The highly centralized system crushed economic development and fomented social conflict. It was this fundamental failure that opened the door to radical economic reform in the following years.

=== 2. Specific Policies ===

==== 2.1 The policy to decentralize state planning ====
As the country has a monarchical tradition, Chilean people used to severely depend on state laws and regulations to resolve problems. However, such an atmosphere does not benefit economic development because individual efforts were ignored and the government faced huge information cost to enact concrete policies for different production sectors. Therefore, the policy aims to define the border of the administrative power and give production sectors full autonomy of management. The market's role to allocate resources is emphasized and governments are only suggested to provide a proper global planning for the economy. Besides, development of intermediary agencies and simplification of the judiciary are also encouraged to reduce both the administrative and transaction costs.

==== 2.2 Looser policy for foreign trade ====
The past foreign trade policy to restrict flow of production resources to the exportation sector actually led to degradation of agricultural production and loss of opportunity to enter the global market. To resolve such problems, a policy lift restrictions on exchange rate is needed to activate the exportation. Moreover, it is also important to maintain a certain amount of foreign exchange reserves to stabilize people's expectations, thereby stimulating investment in export industries. Other measures, including replacing the import ban with tariffs and consumption taxes, providing subsidies, and long- and short-term loans to exporters to resist the strong foreign competitors at first, are also needed to establish a mechanism to encourage exportation.

==== 2.3 Price policy ====
Another important aspect of the reform is to lift the unreasonable controls on price. On the other hand, as a transitional policy, a price protection on critical industries is needed to implement the transformation. After the transitional period, an efficient price control in monopolistic industries should be implemented. Also, it is important to decompose monopoly companies, especially the state-owned monopoly companies, thereby promoting market competition.

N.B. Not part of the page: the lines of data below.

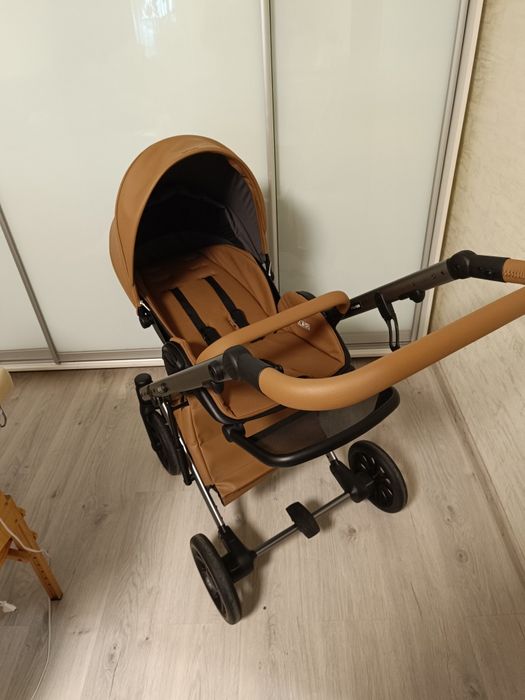 Продам коляску Anex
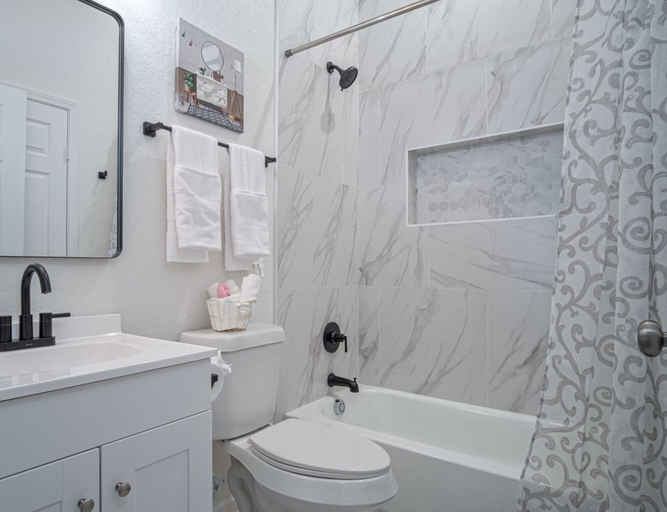 Bathroom, Generous 4br/3ba Charmer Near Glorius Downtown!, Bexar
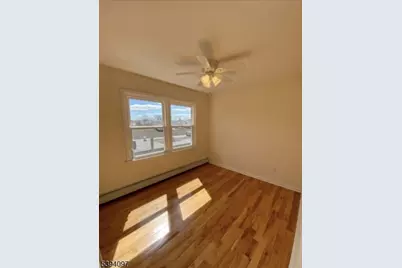 97 Walnut St #2B, Montclair, NJ 07042 - Photo 6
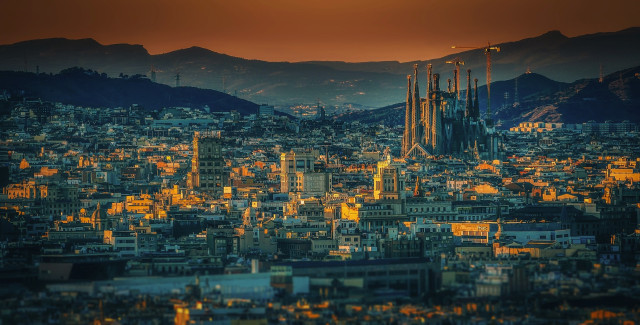 Pemandangan Indahnya Kota Barcelona (Foto: Pixabay)
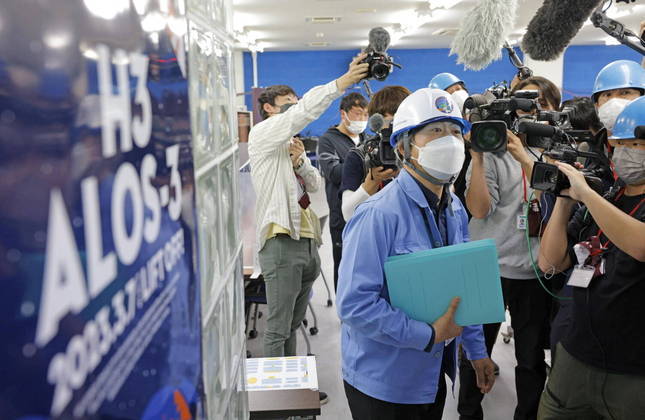 A Agência Espacial japonesa não escondeu a frustração quando notou que seria impossível cumprir a missão e confirmou a necessidade de explodir o foguete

==== 2.4 Fiscal and monetary policy ====
The monetary policy should ensure proper currency liquidity, which is conducive to commodity transactions, and have stabilizing prices, full employment, and maintaining high economic growth as its aims. On the other hand, a good policy should well control the fiscal deficit, especially the deficit of state-owned enterprises, so as to prevent inflation. While inflation is aimed to be controlled, a proper increase in price should be allowed to offset the loss of firms. Furthermore, to reduce fiscal expenditure, it is recommended to moderate the salary for the public sectors, and reduce financial support for state-owned enterprises. Also, establishing new standardized taxes and seeking external loans are suggested to relieve inflationary pressures.

==== 2.5 Other policies ====
Other policies include building a free capital market, privatizing the system of provision, social security, and public health, etc. While the reform encompasses multiple dimensions, the most important thing, according to the suggestions, is to implement the most radical and thorough reforms from the start so as to stabilize people's expectations and strengthen their confidence in the reform.